En fait, la professeure de droit Allison Caffarone a fait valoir dans la revue Duke Law and Technology Review que les sociétés de jeux vidéo ont travaillé si dur pour rendre leurs jeux addictifs qu'elles pourraient être coupables de voies de fait civiles. Elle affirme que les sociétés de jeux ne valent pas mieux que les fabricants de cigarettes qui s'efforcent de maintenir leurs clients dans la dépendance tout en leur cachant les résultats de la recherche.

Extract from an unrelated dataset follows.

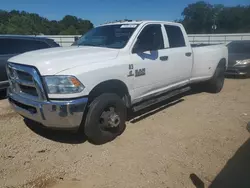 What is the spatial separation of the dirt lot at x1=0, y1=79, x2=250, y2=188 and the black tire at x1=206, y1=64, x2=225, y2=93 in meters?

« C'est un “secret de polichinelle” dans l'industrie du jeu vidéo que les développeurs de jeux vidéo embauchent des scientifiques et des psychologues cognitivo-comportementaux pour concevoir des jeux qui déclenchent des changements physiologiques dans le cerveau (un concept connu sous le nom de neuroplasticité) dans le but de rendre les utilisateurs de ces jeux dépendants », écrivit-elle. Ces techniques visent généralement à stimuler excessivement la production de dopamine dans le cerveau à des niveaux qui rivalisent avec ceux des puissants médicaments stimulants et peuvent « pratiquement paralyser les régions préfrontales. »

Toutes les quelques années, de nouveaux mécanismes, souvent basés sur le monde des jeux d'argent, sont introduits pour augmenter la probabilité de dépendance. La bonne technique peut générer des milliards.

Maintenant que la plupart des appareils sont connectés à Internet, le jeu devient une activité moins solitaire. La plupart des jeux intègrent une fonctionnalité de chat vocal ou textuel. Un nombre croissant d'adolescents ne se retrouvent plus entre amis après l'école, mais virtuellement. Des joueurs âgés de 7 à 70 ans venus du monde entier discutent entre eux dans des jeux multijoueurs.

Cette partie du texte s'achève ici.